TASK BRIEF:
Starting at the line that contains "Dogs, Tag A Friend", repeat each line of the listing below through the last one, exactly, and leave out every picture.

(DATA SHOWN begins)

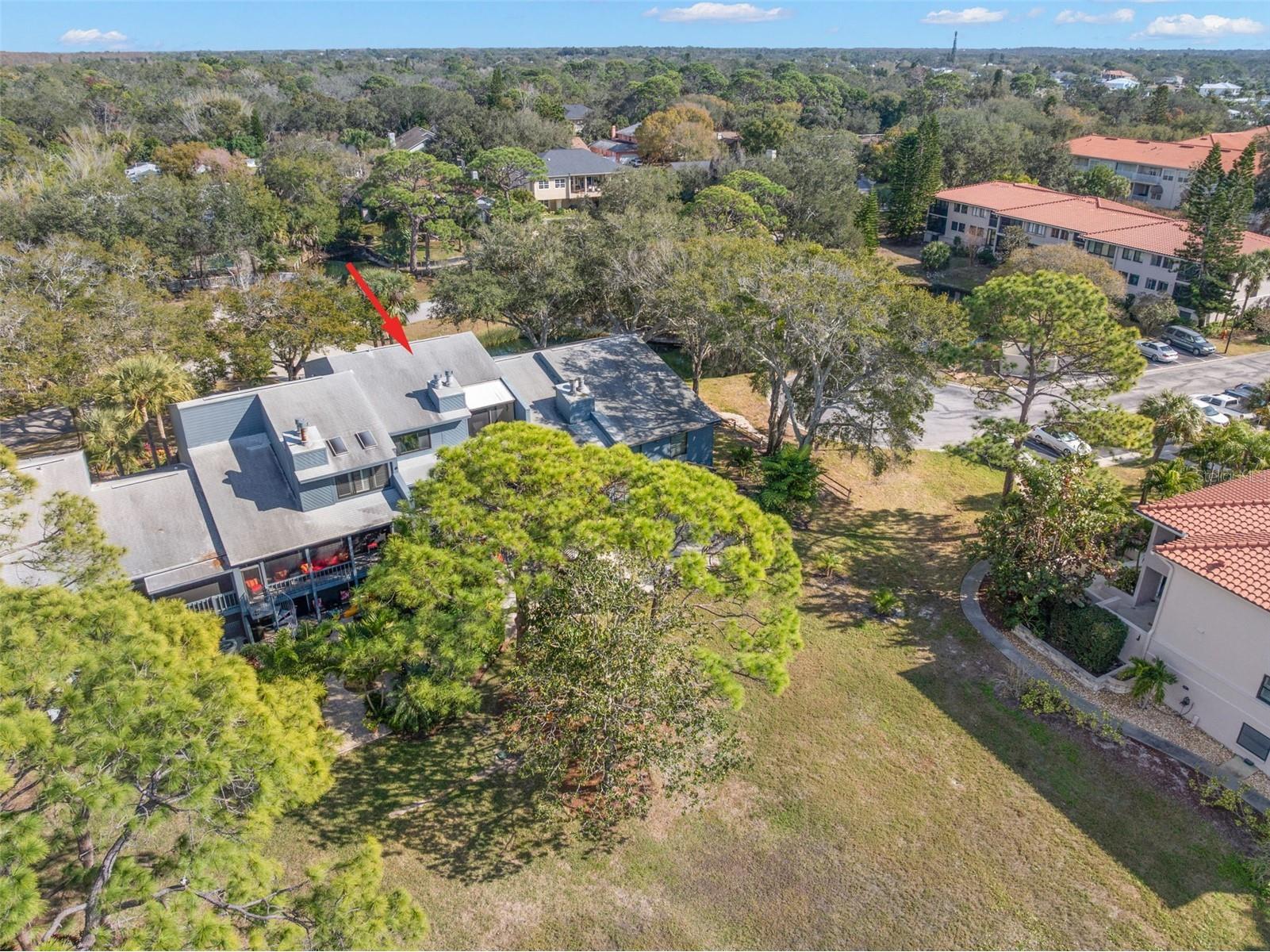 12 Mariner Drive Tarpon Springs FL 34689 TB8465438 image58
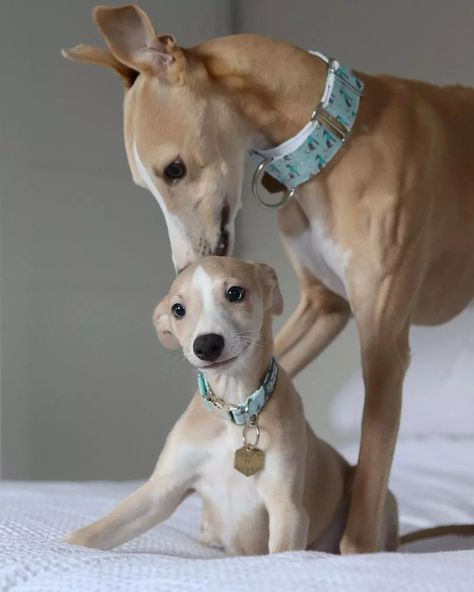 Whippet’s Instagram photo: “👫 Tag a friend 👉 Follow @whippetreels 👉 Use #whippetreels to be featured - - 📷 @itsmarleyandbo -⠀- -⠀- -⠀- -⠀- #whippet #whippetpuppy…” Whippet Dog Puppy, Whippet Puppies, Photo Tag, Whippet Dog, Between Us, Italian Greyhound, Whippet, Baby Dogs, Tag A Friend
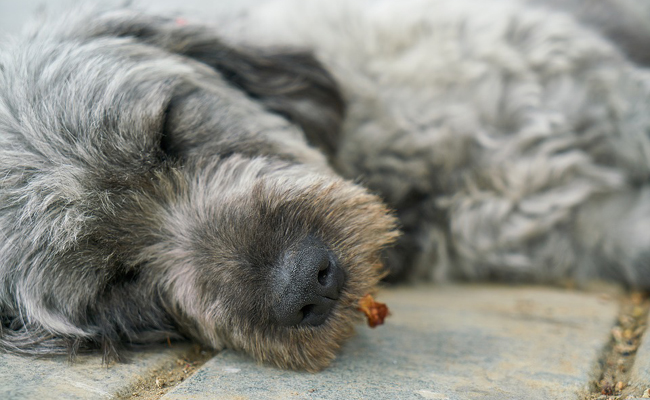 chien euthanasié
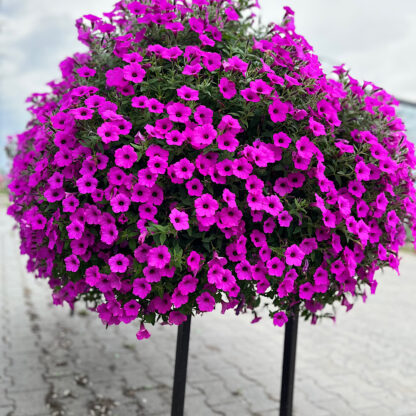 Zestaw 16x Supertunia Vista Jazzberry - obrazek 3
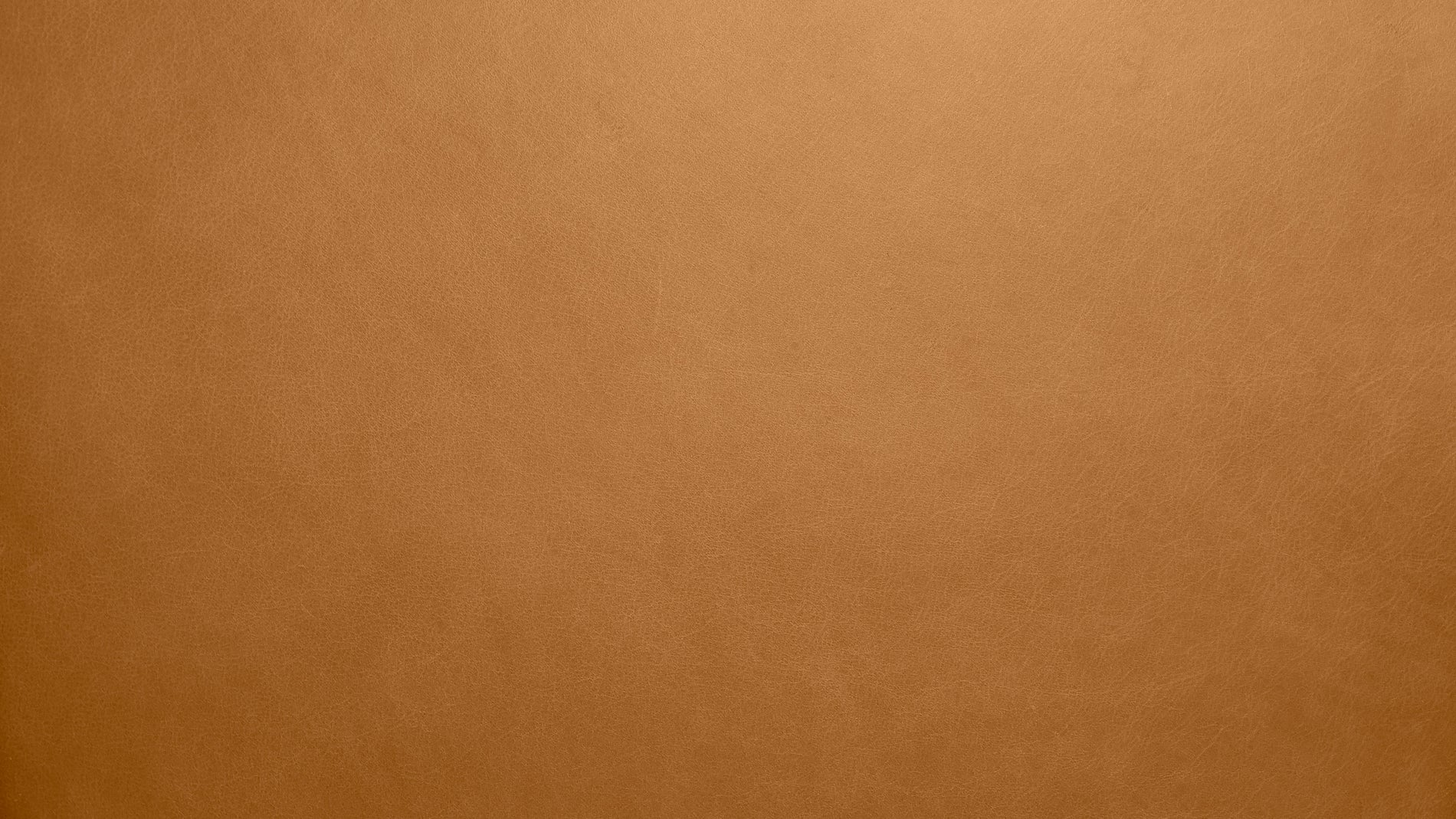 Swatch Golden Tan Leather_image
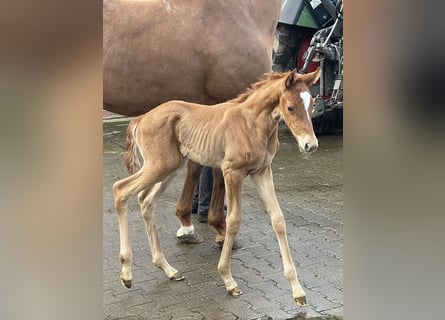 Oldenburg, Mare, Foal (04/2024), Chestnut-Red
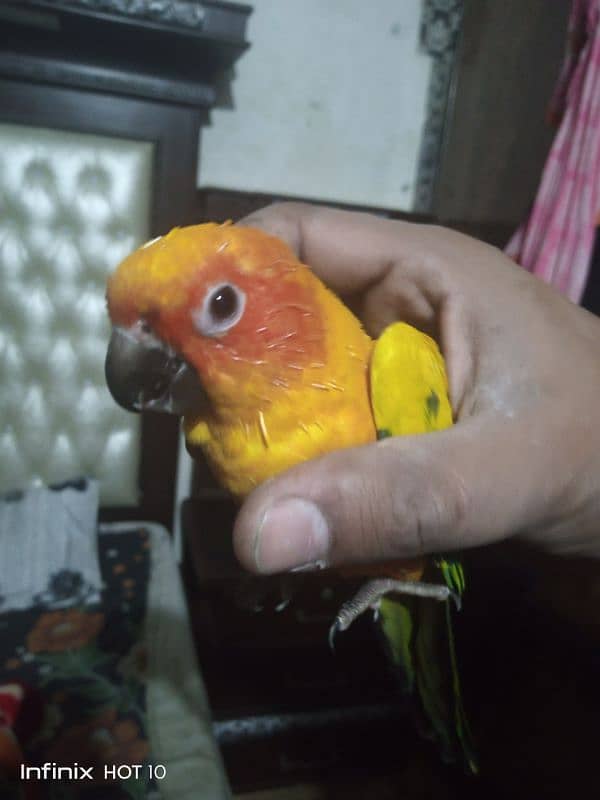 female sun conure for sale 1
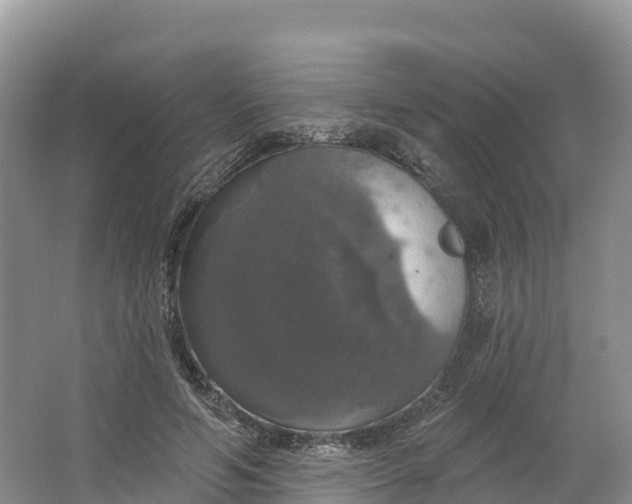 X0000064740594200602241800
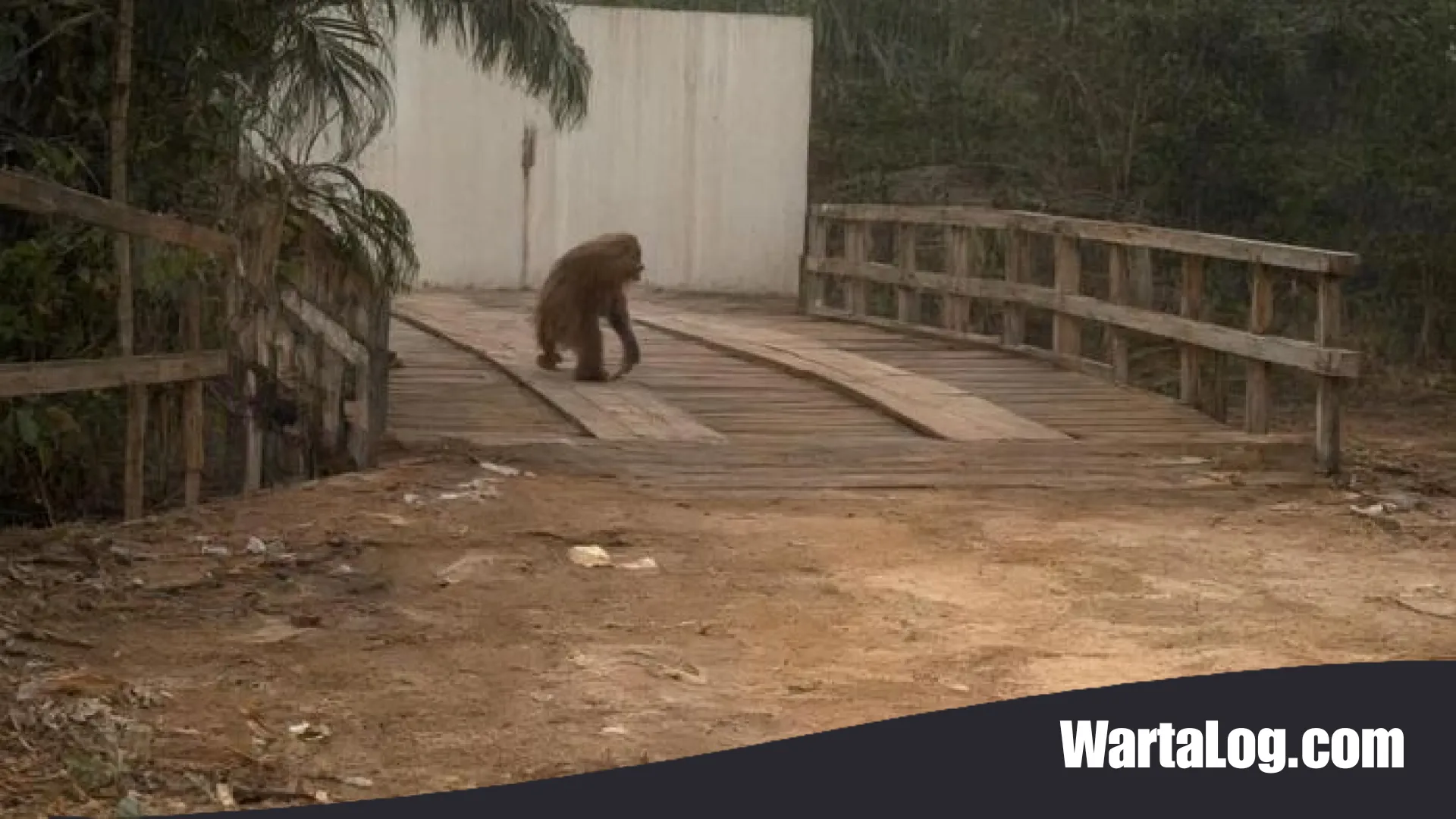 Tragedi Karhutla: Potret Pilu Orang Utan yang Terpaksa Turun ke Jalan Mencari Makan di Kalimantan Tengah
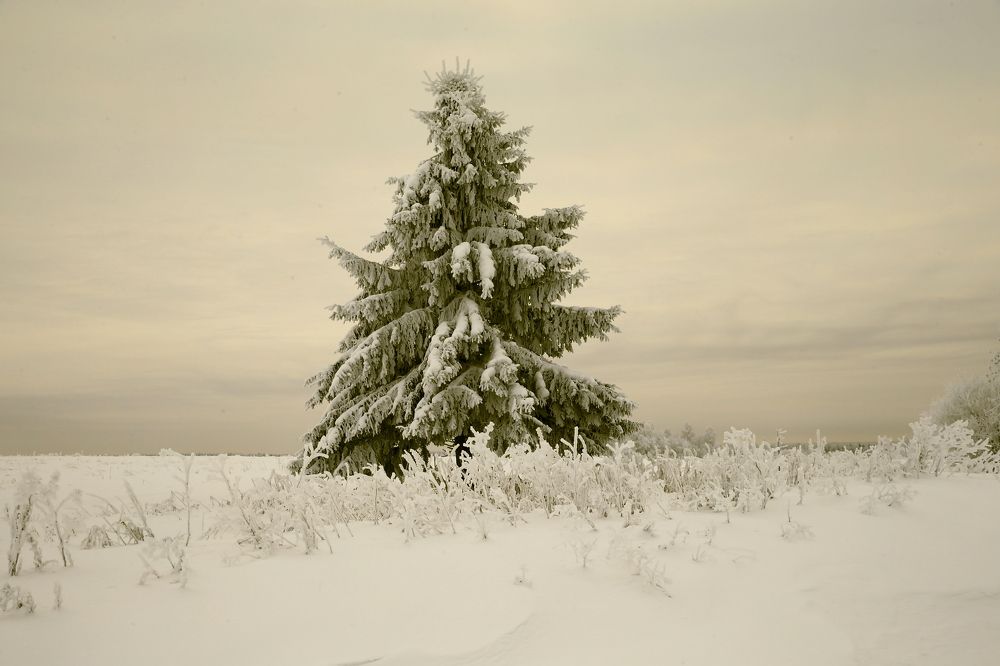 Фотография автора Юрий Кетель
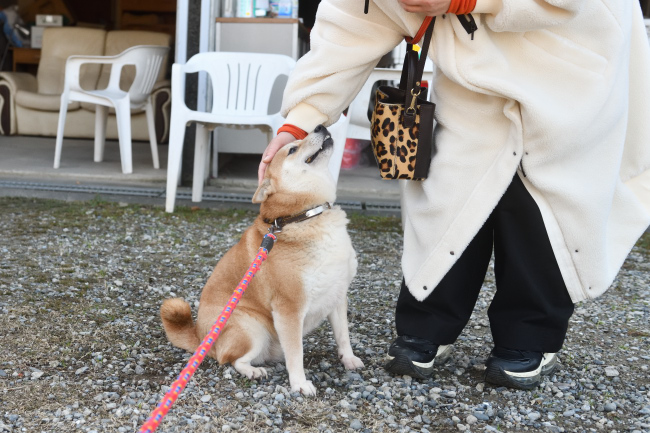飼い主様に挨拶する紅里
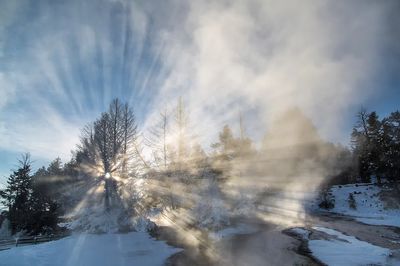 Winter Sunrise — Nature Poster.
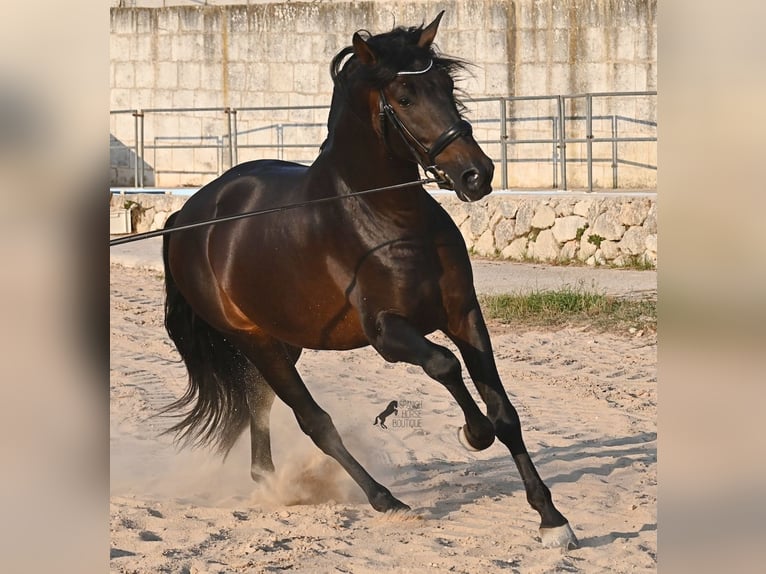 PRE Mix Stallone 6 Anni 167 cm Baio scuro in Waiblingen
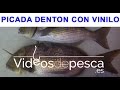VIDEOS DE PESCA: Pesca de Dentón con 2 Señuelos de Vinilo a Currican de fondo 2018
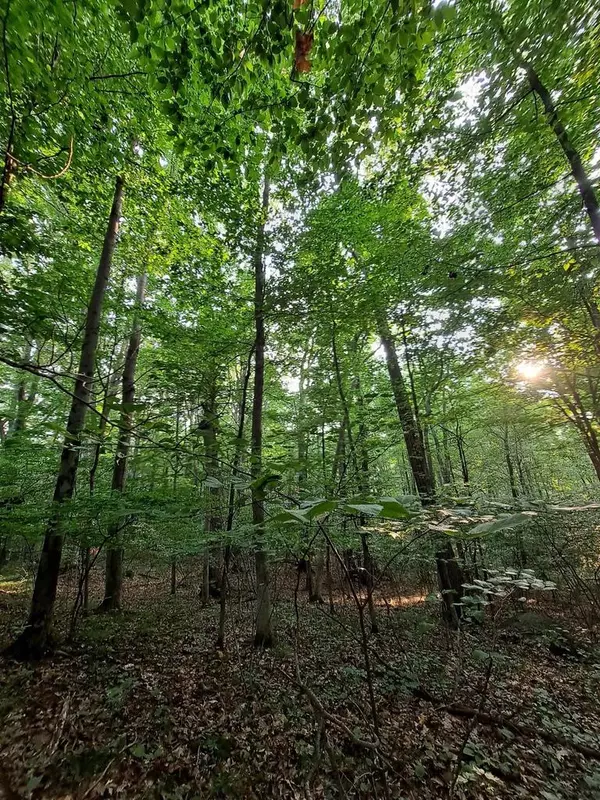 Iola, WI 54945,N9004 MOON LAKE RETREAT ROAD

(DATA SHOWN ends)

PROBLEM SOLUTION:
 Whippet’s Instagram photo: “👫 Tag a friend 👉 Follow @whippetreels 👉 Use #whippetreels to be featured - - 📷 @itsmarleyandbo -⠀- -⠀- -⠀- -⠀- #whippet #whippetpuppy…” Whippet Dog Puppy, Whippet Puppies, Photo Tag, Whippet Dog, Between Us, Italian Greyhound, Whippet, Baby Dogs, Tag A Friend
 chien euthanasié
 Zestaw 16x Supertunia Vista Jazzberry - obrazek 3
 Swatch Golden Tan Leather_image
 Oldenburg, Mare, Foal (04/2024), Chestnut-Red
 female sun conure for sale 1
 X0000064740594200602241800
 Tragedi Karhutla: Potret Pilu Orang Utan yang Terpaksa Turun ke Jalan Mencari Makan di Kalimantan Tengah
 Фотография автора Юрий Кетель
飼い主様に挨拶する紅里
 Winter Sunrise — Nature Poster.
 PRE Mix Stallone 6 Anni 167 cm Baio scuro in Waiblingen
VIDEOS DE PESCA: Pesca de Dentón con 2 Señuelos de Vinilo a Currican de fondo 2018
 Iola, WI 54945,N9004 MOON LAKE RETREAT ROAD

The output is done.